» **AIM OF THE EXERCISE**
Quote exactly the lines from the one with "Rolex GMT-Master II" to the end of the data, both included; omit the pictures.

» **RECORDED INFORMATION**
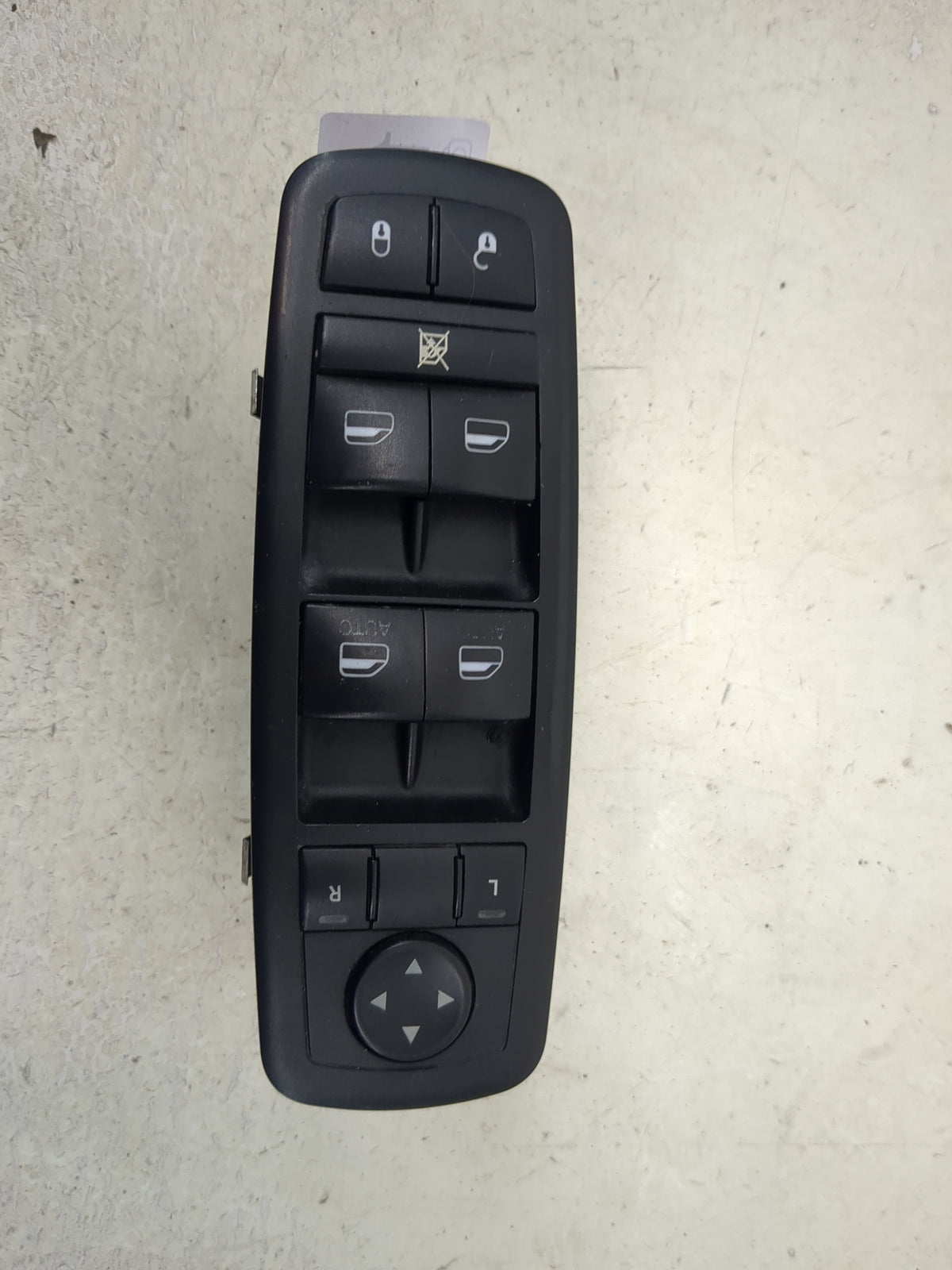 2013-2015 Ram 1500 Master Power Window Switch Replacement Driver Side Left P/N:68110866AA Fits Fits 2012 2013 2014 2015 2016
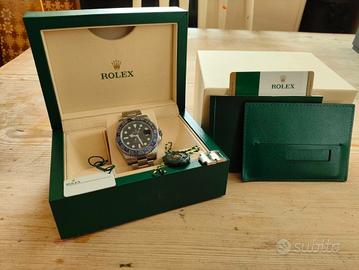 Rolex GMT-Master II Batman 116710BLNR 2016 FullSet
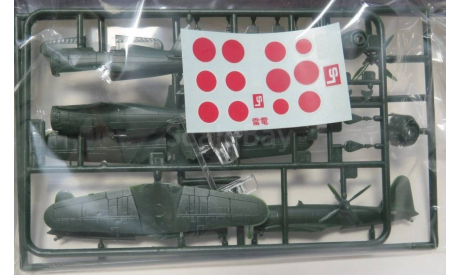 Истребители A7M2 Sam & J2M3 Jack Ls 1/144 Пакет с деталями не открывался., масштабные модели авиации, Micro Ace, scale144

» **ANSWER SECTION**
 Rolex GMT-Master II Batman 116710BLNR 2016 FullSet
 Истребители A7M2 Sam & J2M3 Jack Ls 1/144 Пакет с деталями не открывался., масштабные модели авиации, Micro Ace, scale144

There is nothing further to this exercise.